Die Dedition war auch der lateinische Begriff für einen Unterwerfungsakt im Mittelalter. Dabei warf sich der Besiegte barfuß und teilweise nur in Lumpen bekleidet vor seinem Gegner nieder, und sagte etwas im Sinne von: Mach mit mir, was du willst. Oftmals trug er ein Schwert und eine Rute als Zeichen der angemessenen Strafe (Schwert = Hinrichtung, Rute = körperliche Bestrafung). Auf den ersten Blick scheinen solche stets sehr emotional beladene Unterwerfungsakte spontane Aktionen mit offenem Ausgang zu sein.
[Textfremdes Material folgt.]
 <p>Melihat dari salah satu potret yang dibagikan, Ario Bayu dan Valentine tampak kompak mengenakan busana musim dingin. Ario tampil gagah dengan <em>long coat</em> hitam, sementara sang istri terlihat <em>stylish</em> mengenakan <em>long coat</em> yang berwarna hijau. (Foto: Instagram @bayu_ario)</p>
Der deutsche Historiker Gerd Althoff zeigte jedoch auf, dass man mit dieser Interpretation das Geschehen missversteht. Vielmehr wurde dieses Ritual und Einzelheiten seiner Durchführung von den Konfliktparteien unter Zuhilfenahme von Vermittlern geplant; Durchführung und Ausgang wurden verbindlich abgesprochen. Das Geschehen war also inszeniert, und die Beteiligten wie sicher auch die meisten Zuschauer wussten das. So existieren bspw. vom Gang nach Canossa von Heinrichs IV. zu Gregor VII. zwei Quellen, wobei die eine von Papst Gregor VII. selbst, die andere von Lampert von Hersfeld stammt. Letztere legt nahe, dass der Ablauf im Vornherein abgesprochen war.

Auch im "Kölner Osteraufstand" von 1074 wurde die Beendigung des Konflikts zwischen Erzbischof Anno II. und der Kölner Stadtbevölkerung symbolisch durch eine deditio auf Grundlage des Satisfaktionsprivilegs des Erzbischofs vollzogen. In der Quelle (Lampert von Hersfeld[1]) entwickelt sich die deditio über folgende Schritte:

1. Vorherige Absprache über Form und Ausgestaltung (condicio/conditio)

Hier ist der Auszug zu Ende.